Kriminalisasi biasanya terjadi ketika warga ingin mempertahankan tanahnya. Tidak jarang, masyarakat harus berurusan dengan hukum karena dipersalahkan. Padahal, mereka mempertahankan hak mereka, yakni tanah. ”Kalaupun ada ganti rugi dari perusahaan terhadap tanah masyarakat, bukan berarti masalahnya selesai. Dalam proses ganti rugi tanah warga, dilakukan dengan berbagai cara. Bahkan, diciptakanlah suatu kondisi semacam menjebak masyarakat untuk menyerahkan lahannya kepada korporasi. Kompensasinya pun tidak memadai,” ungkap Sutomo.
Akhirnya, masyarakat kehilangan tanahnya dan menjadi buruh di perkebunan. Upah mereka pun tidak layak. Dengan kondisi itu mereka terjebak dalam kemiskinan. Berdasarkan catatan Kompas, masyarakat kehilangan aset berupa tanah dan sumber daya alam di dalamnya. Kemiskinan di Kalbar pada 2017 pun mencapai 7,88 persen dari 4,5 juta total penduduk Kalbar. Angka itu tertinggi se-Kalimantan. Dari 1.963 total desa di Kalbar, kantong kemiskinan ada di 1.717 desa atau 87,4 persen dari total desa di Kalbar.
Sutomo menjelaskan, sistem kemitraan perusahaan dengan masyarakat yang diterapkan saat ini buktinya tidak menciptakan ekonomi yang semakin baik. Banyak warga yang tidak mendapatkan hak yang layak dari sistem itu. Selain itu, masyarakat juga kehilangan hak mereka atas lingkungan yang layak. Akhir-akhir ini, di beberapa daerah terjadi bencana banjir. Bahkan, banjir itu bisa dikatakan terparah yang pernah terjadi selama sepuluh tahun terakhir, misalnya banjir bandang yang terjadi di Kecamatan Jelai Hulu, Kabupaten Ketapang, akhir Agustus.

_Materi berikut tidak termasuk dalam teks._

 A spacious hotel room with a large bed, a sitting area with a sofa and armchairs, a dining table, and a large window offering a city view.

Permasalahan usaha yang berbasis lahan itu menjadi keprihatinan di sejumlah negara Asia Tenggara. Pekan lalu, masalah itu dibahas dalam Konferensi Agribisnis dan Hak Asasi Manusia. Saat ini, banyak pihak di tingkat lokal, nasional, dan internasional prihatin atas perampasan tanah dan perusakan lingkungan terkait ekspansi agribisnis, khususnya di wilayah Asia Tenggara.

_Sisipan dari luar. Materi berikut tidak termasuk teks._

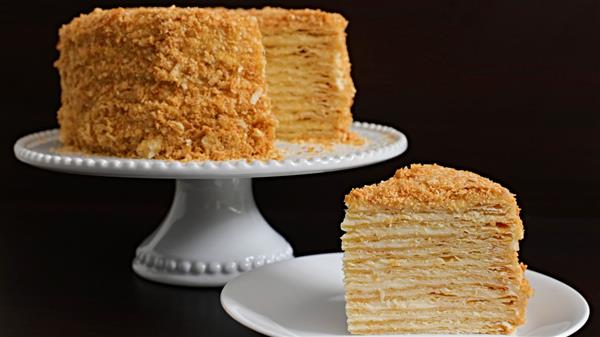 A multi-layered honey cake is displayed on a white pedestal cake stand against a dark background. A separate slice of the cake sits on a white plate in the foreground, showing its numerous thin layers and golden, crumb-coated exterior.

Dalam konferensi itu, ujar Sutomo, bahkan Komisi Nasional Hak Asasi Manusia Myanmar mengatakan, tidak adanya pengakuan hak-hak atas tanah masyarakat merupakan sumber perampasan tanah oleh agribisnis. Masyarakat menderita karena ekspansi sejumlah perusahaan agribisnis. Lebih lanjut, Sutomo mengatakan, supaya pelanggaran terhadap hak masyarakat tidak terjadi lagi, pemerintah hendaknya berpihak kepada masyarakat untuk melindunginya. Pemerintah jangan hanya memandang investasi dari sisi pendapatan.

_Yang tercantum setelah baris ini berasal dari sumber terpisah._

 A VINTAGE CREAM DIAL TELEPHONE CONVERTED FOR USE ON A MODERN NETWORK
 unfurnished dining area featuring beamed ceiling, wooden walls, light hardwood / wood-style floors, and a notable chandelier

Staf Ahli Gubernur Kalbar Bidang Hukum, Politik, dan Pemerintahan M Aminuddin saat pekan lalu menghadiri Konferensi Agribisnis dan Hak Asasi Manusia mengatakan, penghormatan terhadap hak asasi manusia tidak hanya kewajiban negara. Pelaku usaha juga bertanggung jawab atas hal itu.